During last Saturday’s panel discussion of the withered state of film criticism following a screening of Gerald Peary‘s For The Love of Movies, notoriously snarly critic Richard Schickel (formerly of Time) was asked if he ever reads criticism online. “Why would you do that?,” he replied. “I don’t actually read many reviews. I never did. But I’m not going to go around looking for Harry Knowles. I mean, look at that person! Why would anybody…pay the slightest attention to anything he said? He’s a gross human being.”


Critic/documentarian Richard Schickel; AICN’s Harry Knowles

Besides Schickel the panel included Vogue‘s John Powers, former L.A. Weekly and current NPR critic Ella Taylor, former Christian Science Monitor critic David Sterritt and Christian Science Monitor critic Peter Rainer. The talk was moderated by Indiewire‘s Anne Thompson. It happened at the Billy Wilder theatre inside Westwood’s Armand Hammer Museum.

“Watching all these kind of earnest people discussing the art or whatever the hell it is of criticism, all that, it just made me so sad,” Schickel remarked. “You mean they have nothing else to do? I don’t know honestly the function of reviewing anything.

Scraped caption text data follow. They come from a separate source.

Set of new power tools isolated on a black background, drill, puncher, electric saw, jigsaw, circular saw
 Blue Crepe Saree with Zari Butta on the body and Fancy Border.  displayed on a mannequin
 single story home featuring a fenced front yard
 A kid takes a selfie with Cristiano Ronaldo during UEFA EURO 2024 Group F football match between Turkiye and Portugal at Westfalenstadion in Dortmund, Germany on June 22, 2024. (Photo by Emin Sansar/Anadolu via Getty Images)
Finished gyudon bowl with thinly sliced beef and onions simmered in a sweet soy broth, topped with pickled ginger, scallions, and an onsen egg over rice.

“I remember talking to Paul Schrader once about how when he came into movies, he thought he entered what was the natural state of movies, which is you got to make Taxi Driver,” he recalled. “You got to make all these weird, interesting movies and Hollywood wanted you to do it and it was only when it began to stop he realized he was living in the historical aberration.

“And for a lot of film critics, we are living in the historical aberration probably in the history of the arts where you got to make a lot of money, write about an art form at its peak and actually not only have it at its peak, but the public in general was going to that art form for ways of understanding the world. It’s not that way now.”